状態判定部292も報知処理部293も、モデルからの同じ出力に対して閾値を適用して判定を行う。一方、状態判定部292がモデル更新の要否の判定に用いる判定閾値と、報知処理部293が判定に用いる報知閾値とは、異なる値に設定することができる。例えば、判定閾値には0.5など一定の値を設定し、報知閾値の値については、貨幣処理機100を運用する顧客の要望に応じて値を可変に設定することができる。具体的には、こまめなメンテナンスを希望する顧客の場合、報知閾値の値を0.4など小さめの値に設定することで、状態判定装置200が、比較的軽微な異常の段階でメンテナンスを促す報知を行うようになる。一方、メンテナンスの回数が少ないことを希望する顧客の場合、報知閾値の値を0.6など大きめの値に設定することで、状態判定装置200によるメンテナンスの報知の頻度を下げ、異常の傾向が強まった場合にメンテナンスを実施することができる。
次に、図6~図8を参照して、状態判定装置200の動作について説明する。
図6は、機械学習処理部291が行う前処理の手順の例を示すフローチャートである。この前処理で、機械学習処理部291は、センサデータから学習用データを生成する。

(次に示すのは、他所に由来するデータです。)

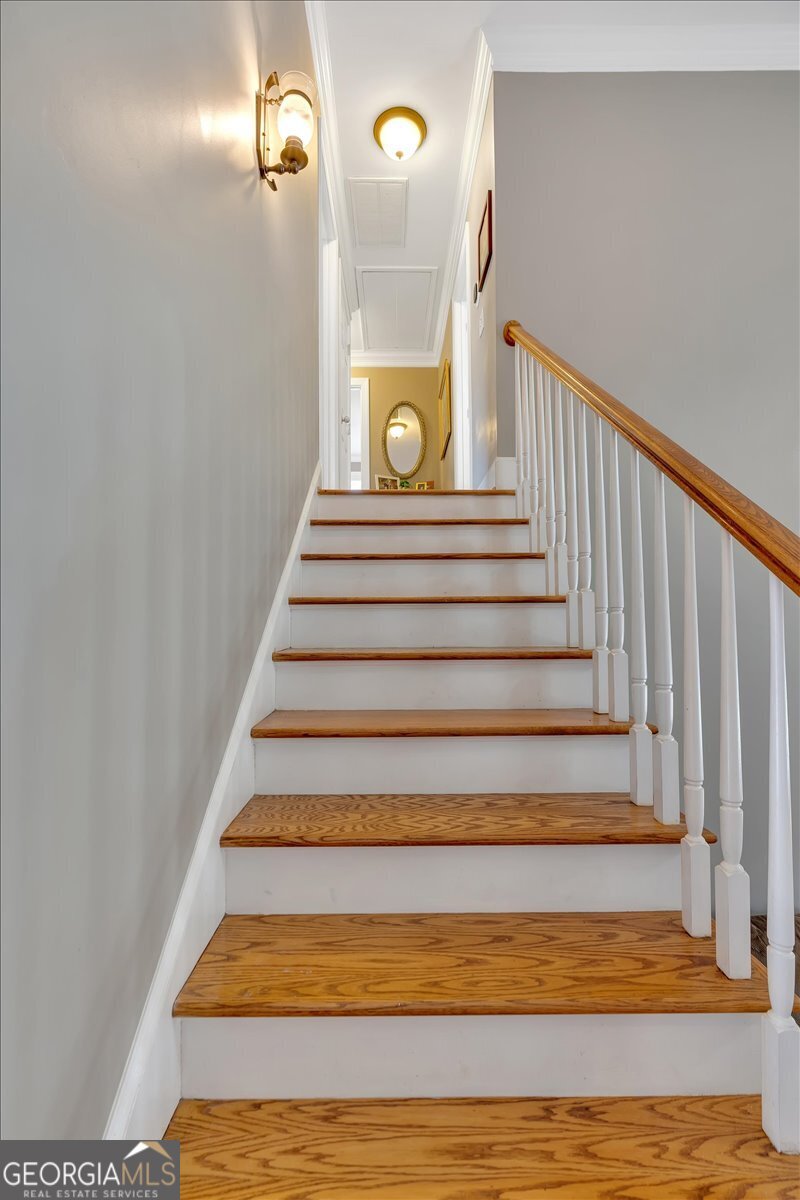 16 Quarter Horse Drive NW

図6の処理で、機械学習処理部291は、センサデータ値から学習用データの項目の値を算出する(ステップS101)。例えば、機械学習処理部291は、あるセンサにおけるセンサ値の立ち上がりの時刻と立ち下がりの時刻との差を、そのセンサにおける貨幣の滞留時間として算出する。上述したように、センサ値の立ち上がり時刻は、貨幣がセンサに差し掛かってセンサ値がオフ(非検出)の値からオン(検出)の値に切り替わった時刻である。センサ値の立ち下がり時刻は貨幣がセンサを通り抜けてセンサ値がオン(検出)の値からオフ(非検出)の値に切り替わった時刻である。センサにおける貨幣の滞留時間は、貨幣がセンサに差し掛かってからそのセンサを通り抜けるまでの時間である。
但し、貨幣処理機100がステップS101の処理を行うようにしてもよい。この場合、貨幣処理機100から状態判定装置200へ学習用データの項目の値を送信し、状態判定装置200側ではステップS101の処理を行わない。

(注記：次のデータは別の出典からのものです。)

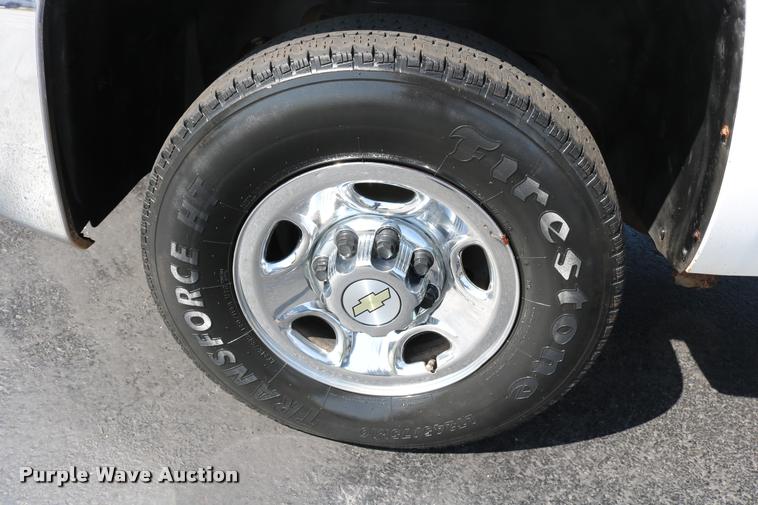 image for item DB4140 2007 Chevrolet Silverado 2500HD Ext. Cab pickup truck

次に、機械学習処理部291は、学習用データの各項目の値を0~1の範囲の値にする正規化を行う(ステップS102)。学習用データの項目毎のレンジ(とり得る値の範囲)の大きさの違いが、学習に対する影響の度合いの違いとなることを避けるためである。
例えば、機械学習処理部291は、学習用データの項目の値から、その最小値として定められている所定値を減算する。さらに機械学習処理部291は、得られた減算結果を、その学習用データの項目の最大値として定められている所定値から最小値として定められている所定値を減算した値で除算する。
次に、機械学習処理部291は、学習用データのうち同じ値の組合せを取り除くバッティング処理を行う(ステップS103)。

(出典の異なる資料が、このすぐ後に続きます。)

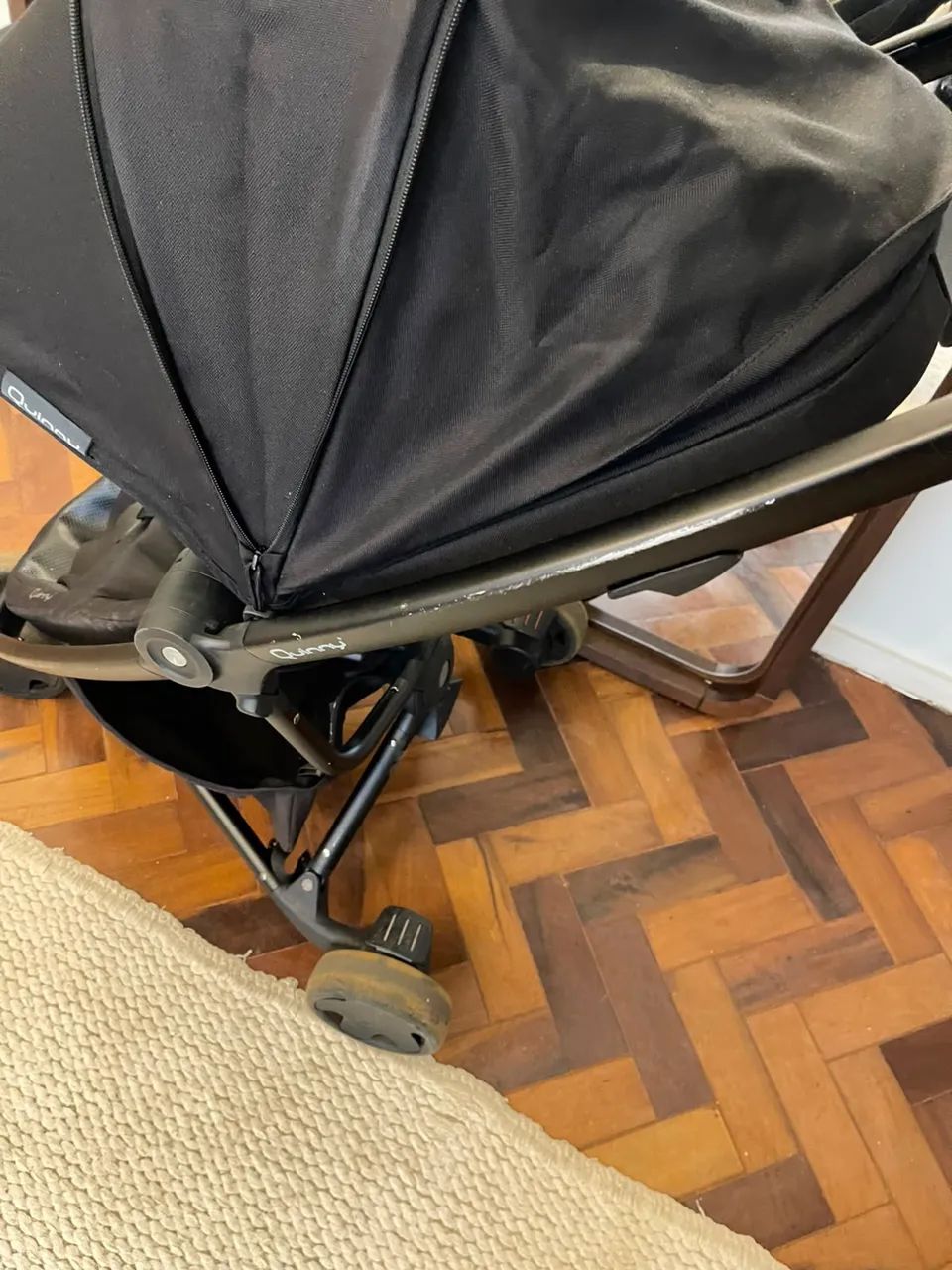 Carrinho de bebê Quinny zap flex - Usado - Foto 4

ここで、学習用データの中に同じ値の組合せが含まれる場合、その値の組合せが正常として扱われるか異常として扱われるかは、貨幣処理機100の運用によって異なり得る。同じ値の組合せが正常、異常の両方に割り振られていると、適切な学習を行えない可能性がある。そこで、機械学習処理部291は、同じ値の組合せが正常、異常の両方に割り振られることを避けるためにバッティング処理を行う。
例えば、機械学習処理部291が、学習用データにおける同じ値の組合せの出現について、正常に割り当てられている回数と、異常に割り当てられている回数とを計数し、いずれか多い方の値の組合せを1つだけ残すようにしてもよい。あるいは、機械学習処理部291が、学習用データにおける同じ値の組合せを全て削除するようにしてもよい。
ステップS103の後、図6の処理を終了する。
図7は、機械学習処理部291が初期のモデルを生成する処理手順の例を示すフローチャートである。
図7の処理で、機械学習処理部291は、センサデータを取得する(ステップS201)。
次に、機械学習処理部291は、図6を参照して説明した前処理を行う(ステップS202)。これにより、機械学習処理部291は、センサデータから学習用データを取得する。
そして、機械学習処理部291は、得られた学習用データを用いて学習を行い、モデルを構築する(ステップS203)。機械学習処理部291は、得られたモデルを学習済みモデルとしてモデル記憶部281に記憶させる(ステップS204)。
ステップS204の後、図7の処理を終了する。
図8は、機械学習処理部291が追加学習を行う処理手順の例を示すフローチャートである。図9を参照して後述するように、機械学習処理部291は、貨幣処理機100にエラーが発生した場合に図8の処理を行う。
図8の処理で、機械学習処理部291は、学習閾値をエラー発生の2日前に設定する(ステップS311)。上述したように、学習閾値は、追加学習のための学習用データを正常時のデータと異常時のデータとに振り分ける基準となる閾値である。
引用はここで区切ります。